Copy the lines below exactly, starting at the one with "35 шт. Прозрачные" and ending at the one with "毎年恒例南向きの爆風の画像", and leave out any picture.

The data –
##########
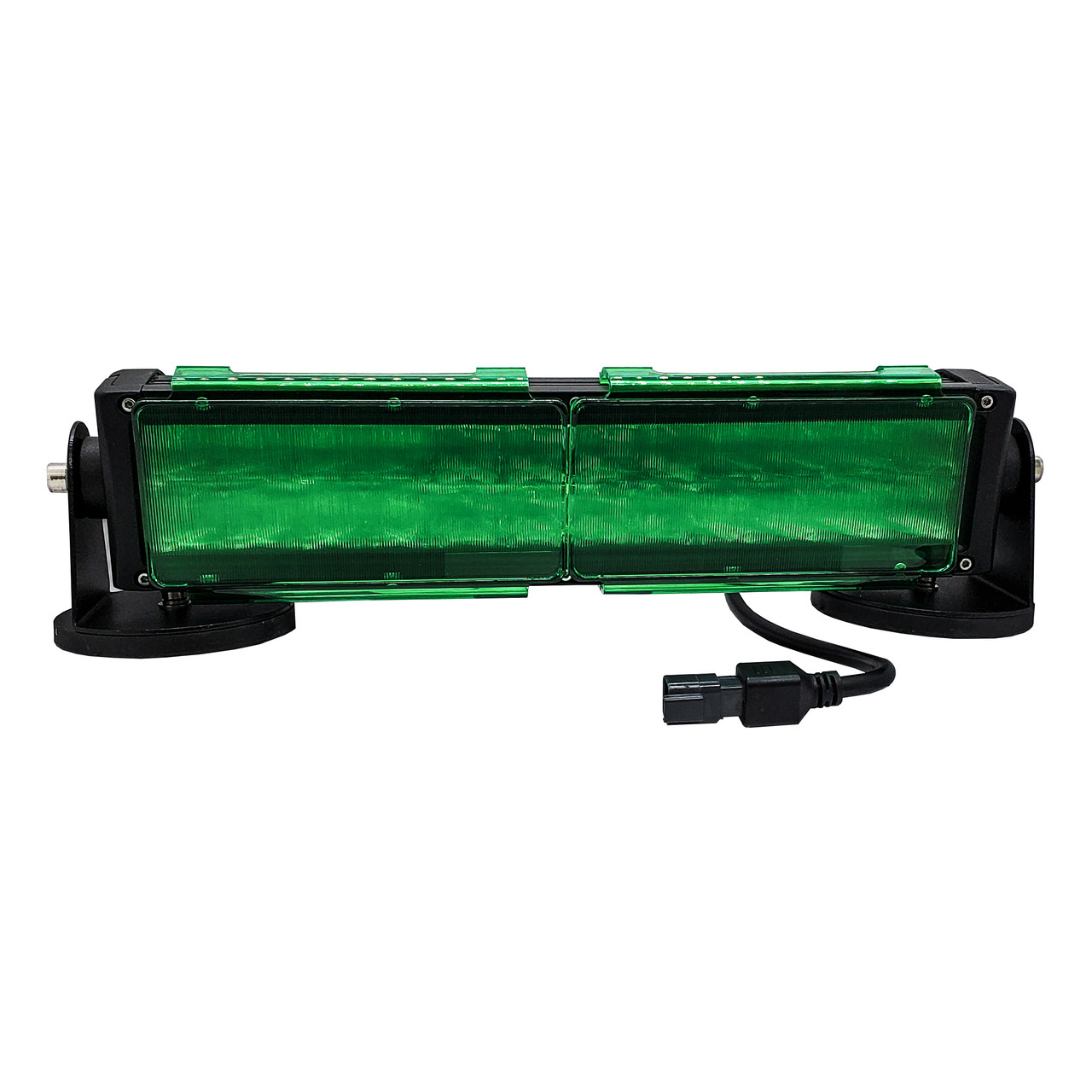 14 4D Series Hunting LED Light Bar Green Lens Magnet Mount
##########
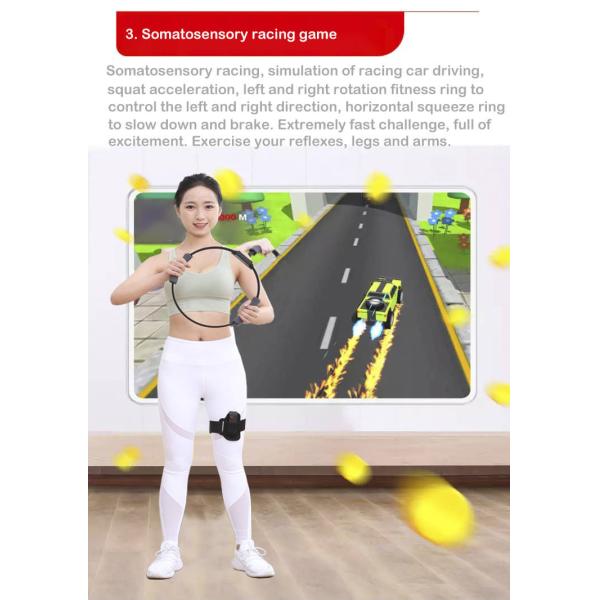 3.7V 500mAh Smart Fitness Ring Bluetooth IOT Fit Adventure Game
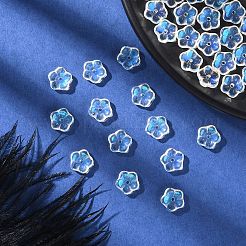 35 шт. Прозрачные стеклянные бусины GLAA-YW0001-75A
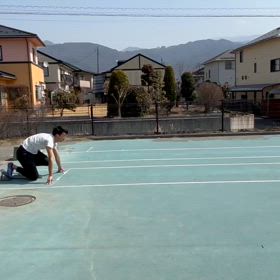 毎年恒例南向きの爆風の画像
##########
Response –
 35 шт. Прозрачные стеклянные бусины GLAA-YW0001-75A
 毎年恒例南向きの爆風の画像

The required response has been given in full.